Tra il bianco della neve e il nero delle ombre, una mostra fotografica racconta la quotidianità di questo piccolo paese nel cuore d’Europa attraverso i volti e i paesaggi di Peja/Pec e Pristina, Mitrovica e Gorazdevac. Un viaggio visivo nella quotidianità di malinconie e sogni che scandiscono il tempo di questo nuovo stato.
Ad accompagnarmi in questo viaggio nei volti e nelle città, sono il fotografo Ignacio Maria Coccia, che collabora con le maggiori testate italiane, e Raffaele Coniglio, cooperante italiano impegnato in Kosovo dal 2005, e già autore su questo stesso giornale di interessanti articoli sull’ex-provincia jugoslava.

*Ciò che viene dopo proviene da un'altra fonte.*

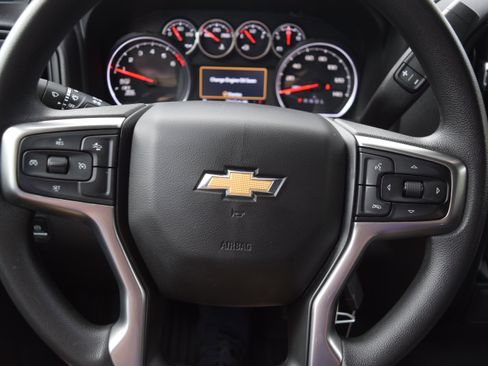 Used 2022 Chevrolet Silverado 1500 Custom w/ Safety Confidence Package image 10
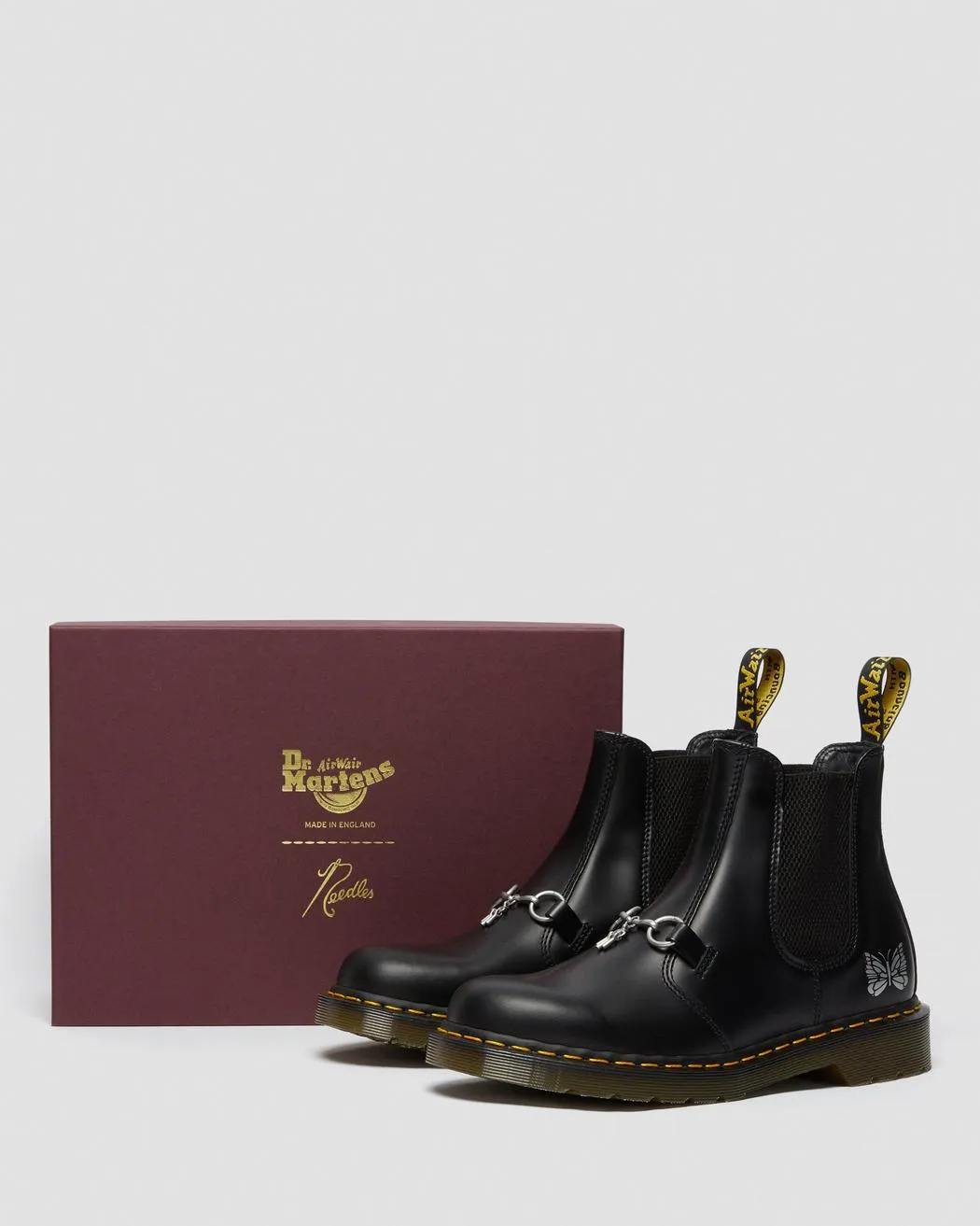 Dr. Martens: Needles 2976 Snaffle Chelsea Boots (black)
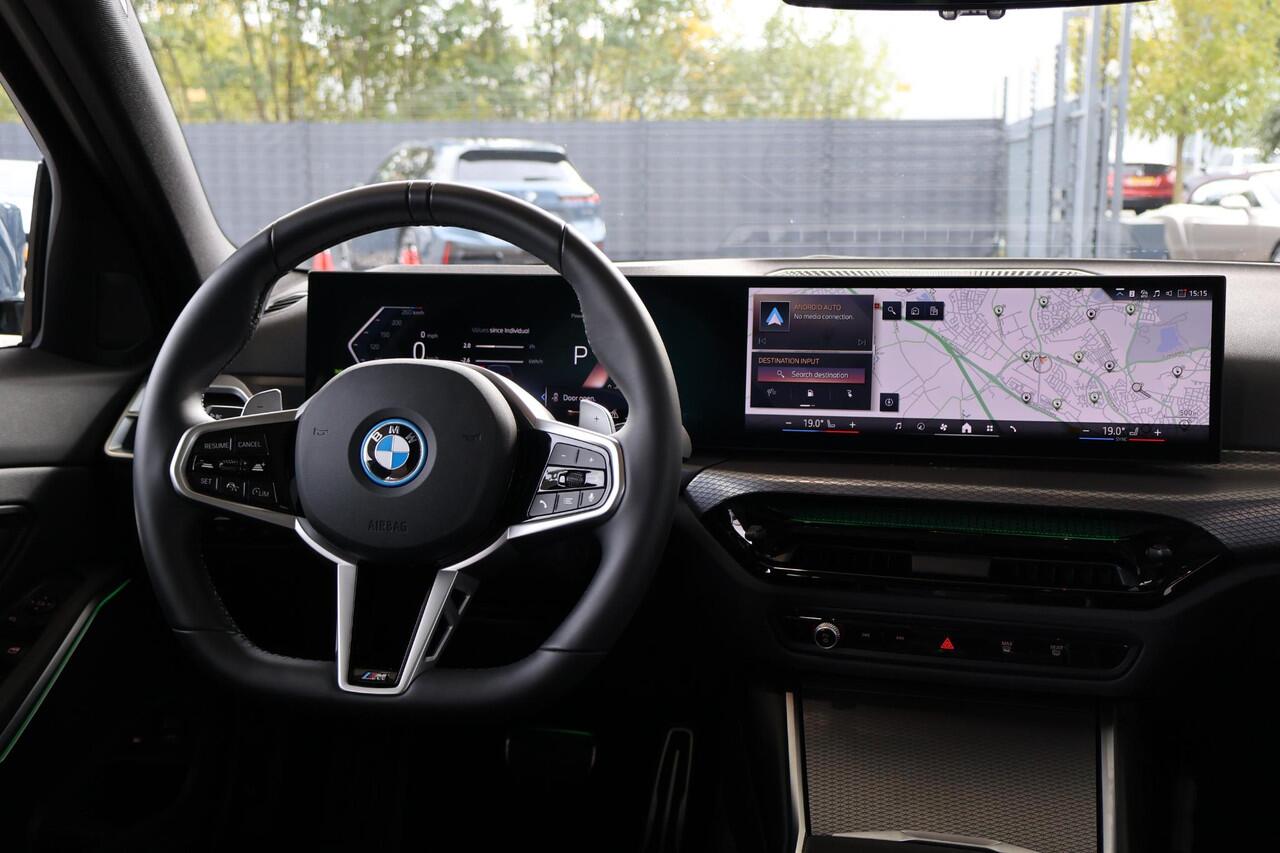 BMW 3-SERIE Touring 330e | M Sportpakket | Comfort Pack | Panorama Dak | Trekhaak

Sig. Coniglio, com’è la situazione attuale in Kosovo?
Si è abbastanza normalizzata, e questo perché con l’indipendenza ottenuta la parte albanese ha raggiunto il suo obiettivo (e vive il suo sogno). Anche dal versante serbo si registrato positivi passi in avanti. Sebbene la situazione sia migliorata rispetto alla fase pre-indipendenza, quando gli incidenti nella parte nord del Kosovo assumevano toni piuttosto accesi, rimane ancora l’amaro in bocca (e si vive nell’incertezza). L’arresto di Radovan Karadzic (responsabile di crimini di guerra e di genocidio nel conflitto in Bosnia del 1992-95) e l’apertura del nuovo governo serbo all’Occidente sembrano comunque inaugurare una nuova era più propensa al dialogo e alla cooperazione.
Lei e il suo collega, che cosa volete svelare con questo lavoro?
L’aspetto giovane e sfaccettato di questa società multi-culturale. In un piccolo stato si trova un’interessante varietà di lingue, costumi e tradizioni, senza dimenticare l’aspetto religioso. La si respira con facilità dappertutto, e questo nonostante i problemi di interrelazione che non riguardano solo serbi e albanesi, ma anche rom, gorani, bosniaci e turchi. Il nostro intento è quello di far conoscere aspetti del Kosovo insoliti e nuovi, cercando soprattutto di mettere in risalto l’essenza più intima e vera di quella pluralità di anime che vivono oggi questo staterello appena costituitosi. Qui, rispetto, folclore, forti legami familiari e senso di appartenenza sono caratteristiche ben visibili che si sono mantenute quasi intatte per secoli.
In questa situazione di labile stabilità, l’Unione Europea fa qualcosa?
L’UE purtroppo non è per nulla compatta in Kosovo. Il fatto che non tutti i paesi membri abbiano riconosciuto questo nuovo stato è una evidente debolezza che si riflette negli sforzi ancora di scarso impatto e poco lungimiranti di Eulex (European Union Rule of Law Mission in Kosovo) che ha da pochi mesi affiancato la missione Unmik e presto la sostituirà completamente. Finché la cooperazione verrà percepita come mera assistenza invece di una potenziale terra di investimento e collaborazione economica, si potrà fare ben poco.
Avete puntato i riflettori sulla gente e sui luoghi. Cosa trasmettono secondo lei?
Il Kosovo è un posto incredibile. Si passa da posti bellissimi con case immerse nella natura, alla desolazione più spettrale. I segni della guerra ci sono ancora, nelle case bruciate, nelle scritte sui muri e tra le rughe e gli sguardi tristi della gente. Negli occhi di giovani e vecchi si percepisce ancora il rancore. La diversità è ancora oggi un segno di divisione.
La mostra “Kosovo: incertezze e sogni” sarà inaugurata venerdì 3 luglio (h. 19) a Bari, presso il Fortino di S. Antonio (via Re Manfredi), e sarà visibile fino a mercoledì 15 luglio (orario 10-13 e 18-21). Alla presentazione saranno presenti l’assessore al Mediterraneo e alla Cooperazione Economica della Regione Puglia, Silvia Godelli, e l’Ambasciatore d’Italia in Kosovo, Micheal L. Giffoni.